Caso um projeto seja considerado uma melhoria comum, ou as despesas não estejam suficientemente comprovadas, a empresa poderá perder o incentivo e ser obrigada a recolher a diferença de impostos, acrescida de juros e penalidades.

A reforma tributária sobre o consumo não extingue a Lei do Bem. O novo sistema altera tributos incidentes sobre bens e serviços, enquanto o incentivo à inovação atua sobre IRPJ e CSLL. Para agroindústrias, fabricantes de máquinas, empresas de insumos, cooperativas e outras companhias do setor tributadas pelo Lucro Real, o mecanismo permanece como uma alternativa para reduzir o custo de projetos tecnológicos.

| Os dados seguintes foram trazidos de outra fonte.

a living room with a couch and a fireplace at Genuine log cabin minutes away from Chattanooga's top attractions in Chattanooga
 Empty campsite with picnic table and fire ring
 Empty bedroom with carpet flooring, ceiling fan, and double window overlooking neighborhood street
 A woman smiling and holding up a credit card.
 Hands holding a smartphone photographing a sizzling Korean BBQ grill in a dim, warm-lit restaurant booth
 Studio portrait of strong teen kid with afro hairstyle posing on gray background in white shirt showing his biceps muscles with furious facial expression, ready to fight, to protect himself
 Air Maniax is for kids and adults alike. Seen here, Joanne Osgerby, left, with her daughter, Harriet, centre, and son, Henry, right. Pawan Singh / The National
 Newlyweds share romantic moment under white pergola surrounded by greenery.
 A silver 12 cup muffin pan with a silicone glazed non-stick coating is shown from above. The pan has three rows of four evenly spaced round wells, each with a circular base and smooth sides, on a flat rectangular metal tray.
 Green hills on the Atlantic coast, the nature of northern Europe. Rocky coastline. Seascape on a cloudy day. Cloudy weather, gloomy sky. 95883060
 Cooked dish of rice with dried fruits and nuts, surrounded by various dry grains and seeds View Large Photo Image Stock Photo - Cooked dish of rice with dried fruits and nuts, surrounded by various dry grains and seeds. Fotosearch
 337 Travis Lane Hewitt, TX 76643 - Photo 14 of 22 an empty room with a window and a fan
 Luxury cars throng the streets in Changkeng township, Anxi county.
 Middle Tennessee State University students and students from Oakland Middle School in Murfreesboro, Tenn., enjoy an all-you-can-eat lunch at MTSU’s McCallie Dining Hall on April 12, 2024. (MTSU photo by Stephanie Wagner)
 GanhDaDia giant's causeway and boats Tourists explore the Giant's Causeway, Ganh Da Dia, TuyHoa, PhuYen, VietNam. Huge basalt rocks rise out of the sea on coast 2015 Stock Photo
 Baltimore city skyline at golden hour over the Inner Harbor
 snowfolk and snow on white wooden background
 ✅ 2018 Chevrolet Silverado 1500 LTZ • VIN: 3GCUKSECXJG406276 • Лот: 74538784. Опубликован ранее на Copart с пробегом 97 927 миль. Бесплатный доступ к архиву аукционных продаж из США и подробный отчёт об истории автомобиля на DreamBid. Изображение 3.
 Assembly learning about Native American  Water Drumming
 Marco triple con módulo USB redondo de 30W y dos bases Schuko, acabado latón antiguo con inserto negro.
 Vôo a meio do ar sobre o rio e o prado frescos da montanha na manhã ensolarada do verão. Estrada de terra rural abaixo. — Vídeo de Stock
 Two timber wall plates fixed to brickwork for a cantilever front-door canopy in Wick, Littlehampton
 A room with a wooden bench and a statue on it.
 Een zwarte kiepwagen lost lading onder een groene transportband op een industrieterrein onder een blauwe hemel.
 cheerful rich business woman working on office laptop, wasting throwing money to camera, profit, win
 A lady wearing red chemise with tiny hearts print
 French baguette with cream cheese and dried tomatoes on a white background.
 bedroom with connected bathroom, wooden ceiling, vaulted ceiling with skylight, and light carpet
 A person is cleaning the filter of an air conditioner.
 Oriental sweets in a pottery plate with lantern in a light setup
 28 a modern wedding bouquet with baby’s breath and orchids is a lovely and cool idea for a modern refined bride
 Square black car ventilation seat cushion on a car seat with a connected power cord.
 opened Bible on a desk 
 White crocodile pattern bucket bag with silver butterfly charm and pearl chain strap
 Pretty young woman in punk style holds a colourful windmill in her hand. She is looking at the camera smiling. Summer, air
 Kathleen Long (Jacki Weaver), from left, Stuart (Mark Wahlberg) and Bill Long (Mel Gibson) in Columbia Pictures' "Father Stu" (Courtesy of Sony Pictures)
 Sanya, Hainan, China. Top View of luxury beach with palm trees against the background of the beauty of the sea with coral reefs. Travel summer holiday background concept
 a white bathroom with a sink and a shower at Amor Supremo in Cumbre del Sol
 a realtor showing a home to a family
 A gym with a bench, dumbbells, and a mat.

Em 2023, último resultado consolidado destacado pelo MCTI, 3.878 empresas utilizaram a Lei do Bem e declararam quase R$ 42 bilhões em investimentos. Para as companhias do agro que aproveitaram o incentivo em 2025, a prioridade agora é revisar os projetos e concluir o FormP&D até 31 de agosto.

SERVIÇO

Prazo: até 31 de agosto de 2026
Onde declarar: FormP&D do Ministério da Ciência, Tecnologia e Inovação
Como acessar: o primeiro acesso deve ser feito pelo representante legal da empresa, mediante identificação na plataforma Gov.br. Depois da validação cadastral, outros usuários podem ser autorizados a preencher o formulário.
Quem deve declarar: empresas que utilizaram os incentivos da Lei do Bem no ano-base de 2025.